Nasza Loteria SR - pasek na kartach artykułów

Burmistrz Dobiegniewa Leszek Waloch: - Niech mieszkańcy zdecydują, czy mam rządzić drugą kadencję

Mateusz Feder 507 050 587 [email protected]
Leszek Waloch. Ma 51 lat. Startuje z własnego komitetu który ma imię i nazwisko kandydata. Rządzi pierwszą kadencję, wcześniej był m. in. dyrektorem Lubuskiego Zarządu Drogowych Przejść Granicznych. Uważa, że bycie samorządowcem to generalnie przyjemność.
Leszek Waloch. Ma 51 lat. Startuje z własnego komitetu który ma imię i nazwisko kandydata. Rządzi pierwszą kadencję, wcześniej był m. in. dyrektorem Lubuskiego Zarządu Drogowych Przejść Granicznych. Uważa, że bycie samorządowcem to generalnie przyjemność. fot. Mateusz Feder
- Postawię swoją osobę do dyspozycji wyborców - mówi Leszek Waloch, burmistrz i kandydat na kolejną kadencję.

- Panie burmistrzu, klamka już zapadła? Powalczy pan o fotel burmistrza na drugą kadencję?
- Tak, kandyduję. Postawię swoja osobę do dyspozycji wyborców. Po minionej kadencji ludzie widzą co zostało zrobione, co się robi i mają później prawo wyboru.

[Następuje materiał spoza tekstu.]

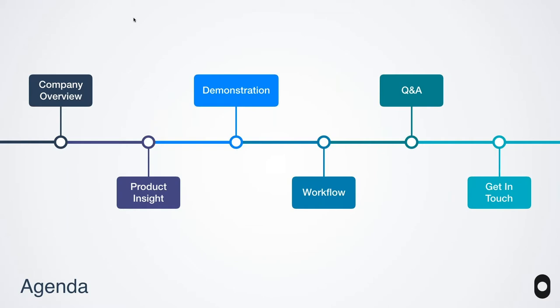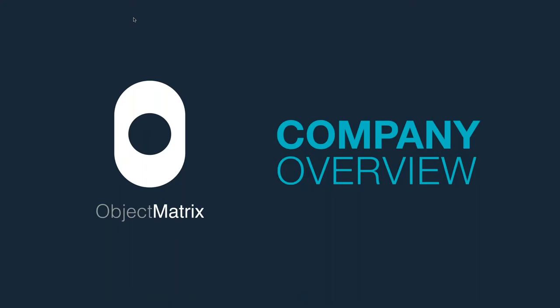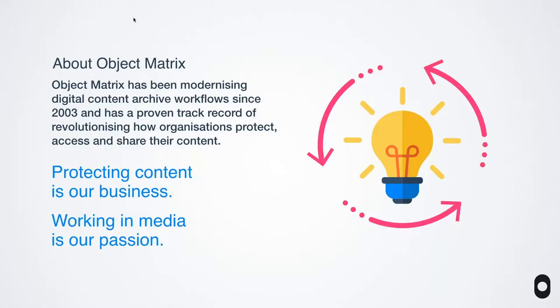I'll hand over to Nick who can tell us all about Object Matrix. My name is Nick Pearce, co-founder of Object Matrix, responsible for sales and marketing. Object Matrix is a software company from sunny South Wales and we've been pioneering object storage since about 2003. Before that we helped to build the world's first commercial object storage platform, a platform called Sentera. In 2003 we broke out and decided to build our own platform that we call Matrix Store.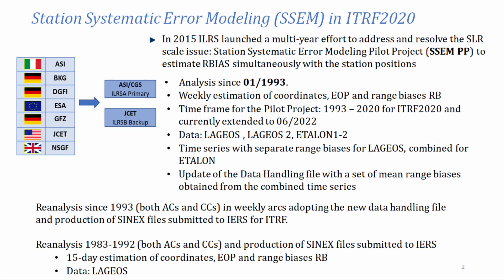We made the first pilot project over five years. Based on the results of the pilot project, we proceeded with the full reanalysis starting from 1993. We decided to estimate all the biases together with the usual parameters we have in the SLR solutions: coordinates, EOP, orbits, acceleration, and so on. The reanalysis, starting from 1993, was made in weekly ARCs.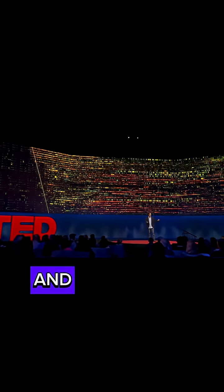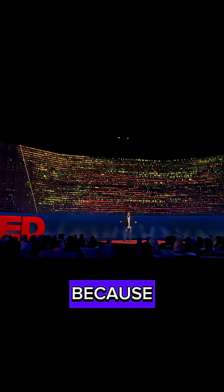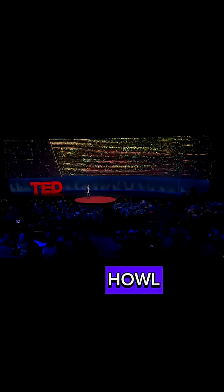Those blobs of color you're seeing are the birds starting to sing their dawn chorus each morning, and it shifts to the right throughout the month. Why? Because daylight is decreasing, and we're learning that wolves mostly howl at night.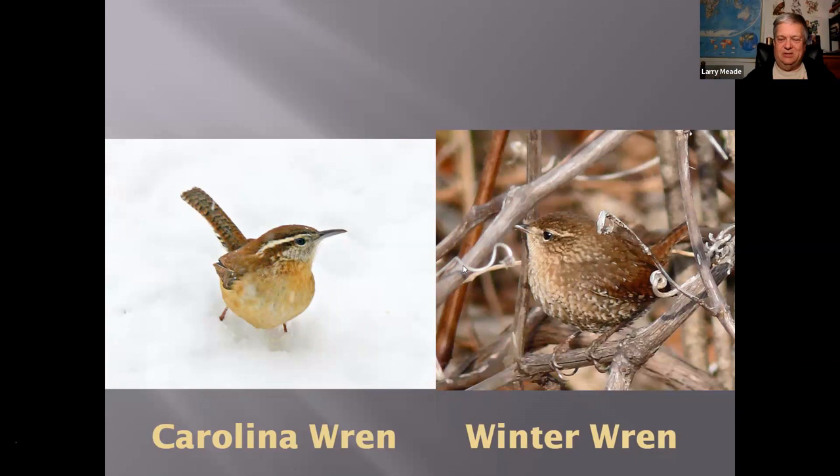There's one out west called the Pacific Wren, which used to be considered the same species as the Winter Wren, but they split it — so I got a life bird out of that. With listing, sometimes the powers that be will decide a certain bird is its own species and you get a life bird magically appear, or you might lose one if they lump species together.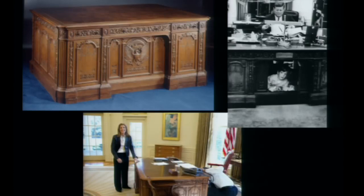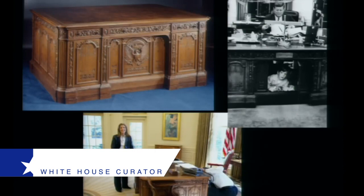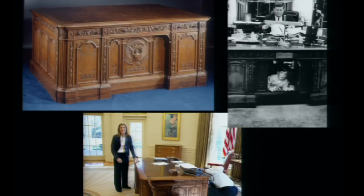He mentioned that he sat at the famous Resolute Desk. This was placed in the Oval Office by Mrs. Kennedy. It had been in the private quarters until that time, but she thought it should be the most visible desk the president would sit at. It was given to President Hayes by Queen Victoria in 1880.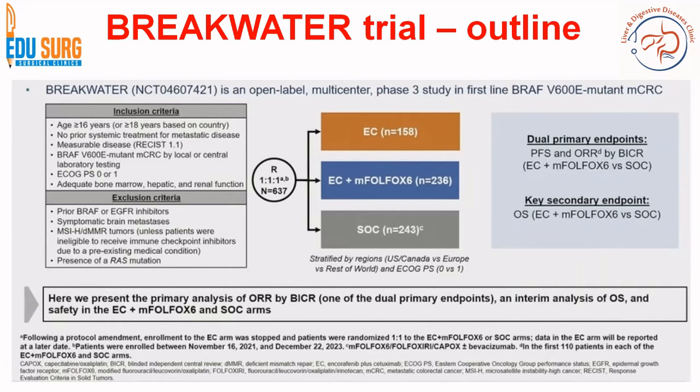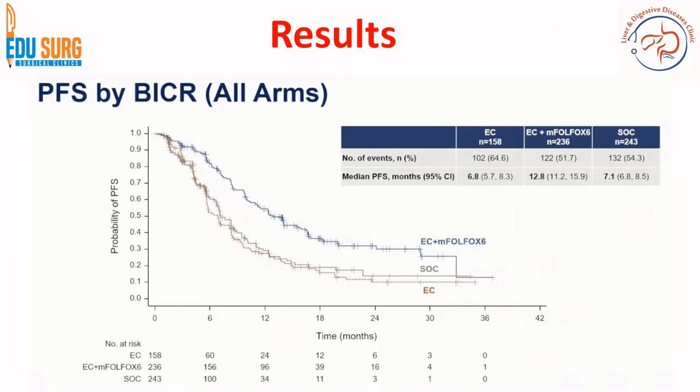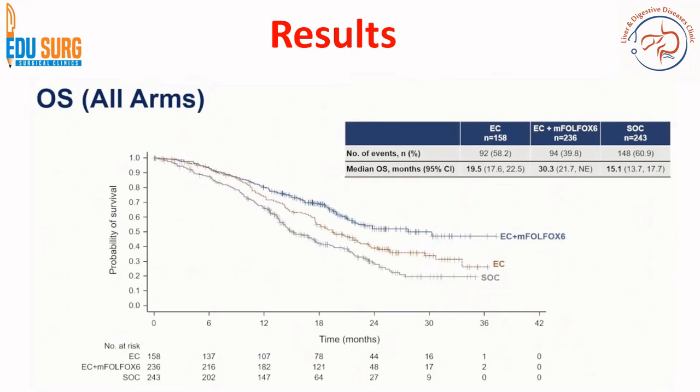The comparison is doublet plus FOLFOX versus doublet alone. Primary endpoints are progression-free survival and overall response rate; secondary endpoint is overall survival. When presented in 2025, the overall survival analysis was still interim — not the final analysis. For progression-free survival, the Encorafenib-Cetuximab-FOLFOX combination group had a better median PFS of 12.8 months versus 7.1 months in the standard of care and 6.8 months in the doublet group. In the interim analysis, overall survival was nearly double in the combination group versus standard of care.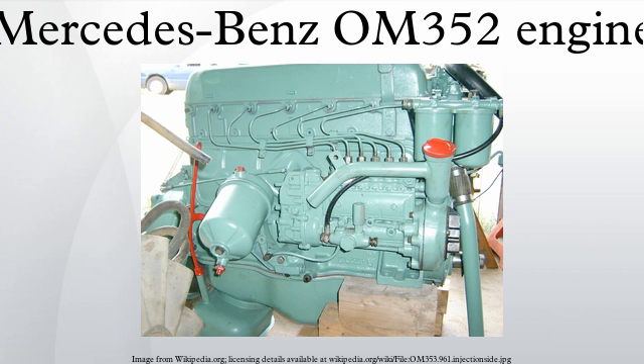Interestingly, exhaust ports 2 and 3 and 4 and 5 are Siamese together, presenting an exhaust manifold with only four outlets. The crankshaft is a precision forged unit running in seven three-layer bearings, with counterweights bolted onto the crank webs, much like any other diesel motor of its vintage.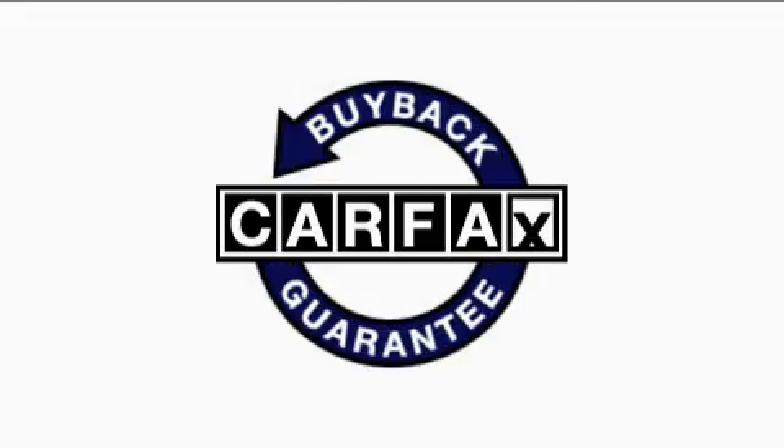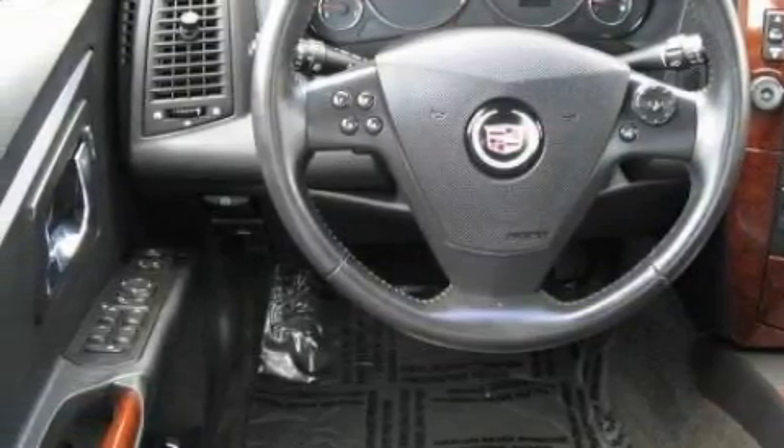This vehicle has had only one owner, and it qualifies for the Carfax Buyback Guarantee. Call now to find out how you can own this breathtaking car.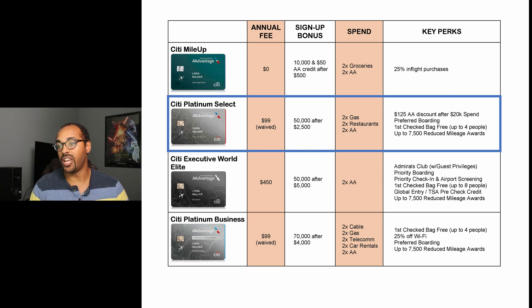All of the cards have that 25% in-flight purchases perk. With the Platinum Select you also get preferred boarding, which is around the fifth or sixth group for American Airlines. You get your first checked bag free for up to four people. You get a $125 American Airlines discount once you spend $20,000 per year. And you get up to 7,500 reduced mileage awards — a discount of 7,500 miles on routes of 500 miles or more, or 2,500 miles on shorter routes.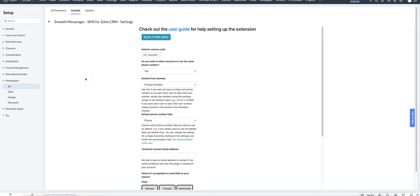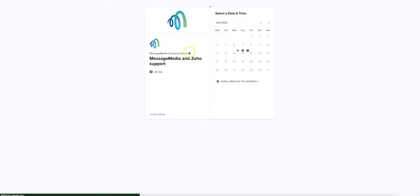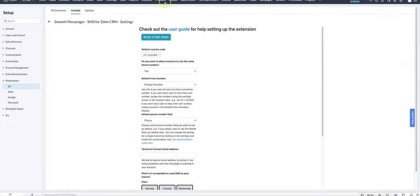If you need help with the extension, jump into the settings page and you can click on this link to book a free demo, which will take you to a booking link where you're able to book a time with a support representative. If you'd rather send an email, you can reach out to us using zohosupport@messagemedia.com — just send us an email and we'll get back to you as soon as we can.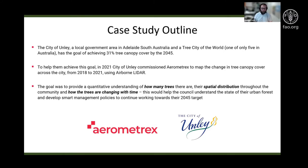The goal of this project from our end was to provide them with a quantitative understanding of how many trees there are, their spatial distribution throughout the community, and how the trees are changing with time. All of which would help the Council understand the state of their urban forest and develop smart management policies to continue working towards their 2045 target.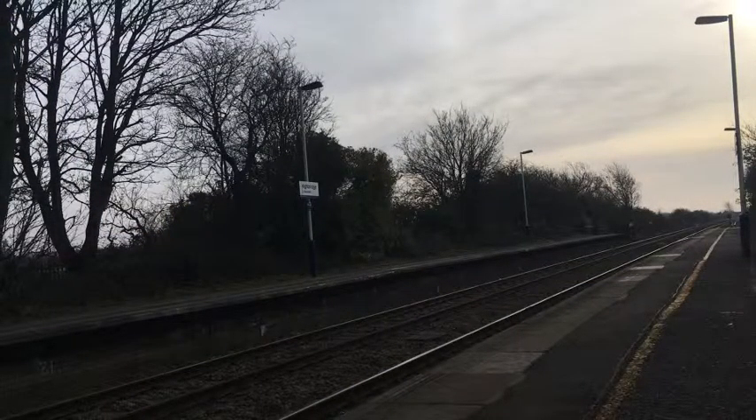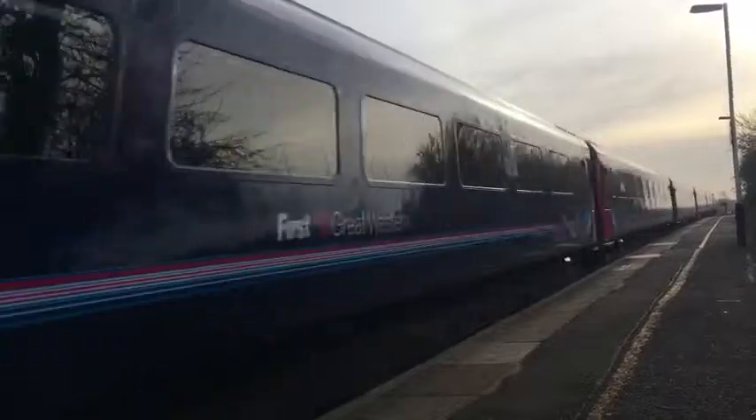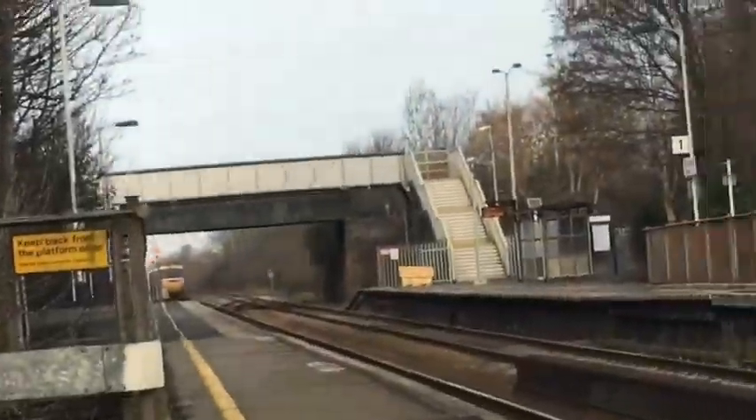Approaching now is the 12:59 Great Western service to Reading from Payton, which should be forming 43185 in the City Swallow, which will be at the rear if I am correct. Let's see — there we've got 54191, and there it is! 43105 on the rear there.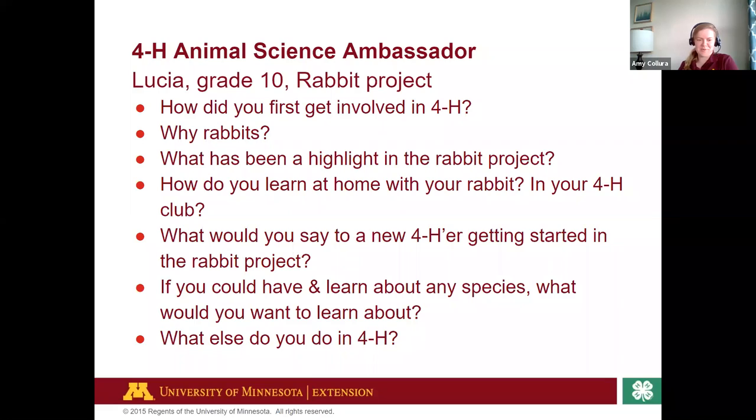Rabbit agility — if any of you know what dog agility is, it's basically that. You have jumps and tunnels and a little A-frame. The rabbits wear a leash and harness and go through the course. There's also poultry agility, which has been bubbling up across the state. It's been a fun thing to grow in other animal projects.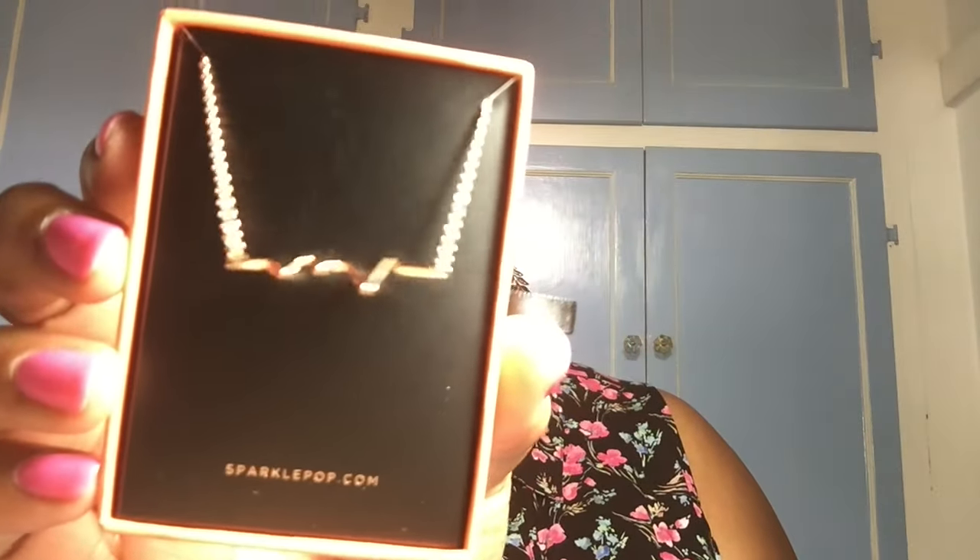It's this cute little box that says Sparkle Pop and when you open it — cute, right? I think it's cute. That's also a cute gift to re-gift. I'm going to be saving that for around Christmas time, so I hope no one in my family watches this video!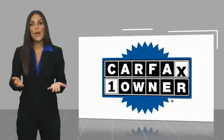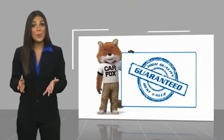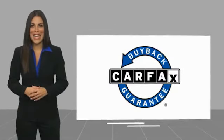This is a one-owner vehicle with a Carfax Vehicle History Report. Be sure to find a complimentary copy of this report online or contact the dealership. This vehicle qualifies for the Carfax buyback guarantee.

- Jak na razie zanosi się, że wyborcy nie będą mieli z kogo wybierać. Pan do tej pory jest jedynym oficjalnym kandydatem. To świadczy o pana sile, konkurenci się pana boją?
- Ludzie widzą co się robi, mogą mnie nie lubić. Pamiętam jak w 1990 r. ówczesny burmistrz zaproponował mi stanowisko zastępcy burmistrza. Miałem wtedy 29 lat, więc poszedłem po radę do mojego ojca. A ten odpowiedział mi tak: "jeśli chcesz pójść tam do pracy i ucieszyć wszystkich, to nie idź. Natomiast jeśli z założenia będziesz chciał ucieszyć 50 proc. plus jeden, to próbuj."I to jest święta zasada po dzień dzisiejszy. Część jest z pewnością takich osób, która niekoniecznie musi mnie lubić. Nie rozpatruję tego dlaczego nie ma kontrkandydatów, czy mnie się boją, czy nie. Osoby, które chcą startować na burmistrza, to nie mogą być ludzie tacy byle być. Tacy ludzie widzą co jest zrobione i sobie zadają pytanie czy warto. Może chcą po prostu pozwolić na to, by to szło nadal tak jak idzie teraz.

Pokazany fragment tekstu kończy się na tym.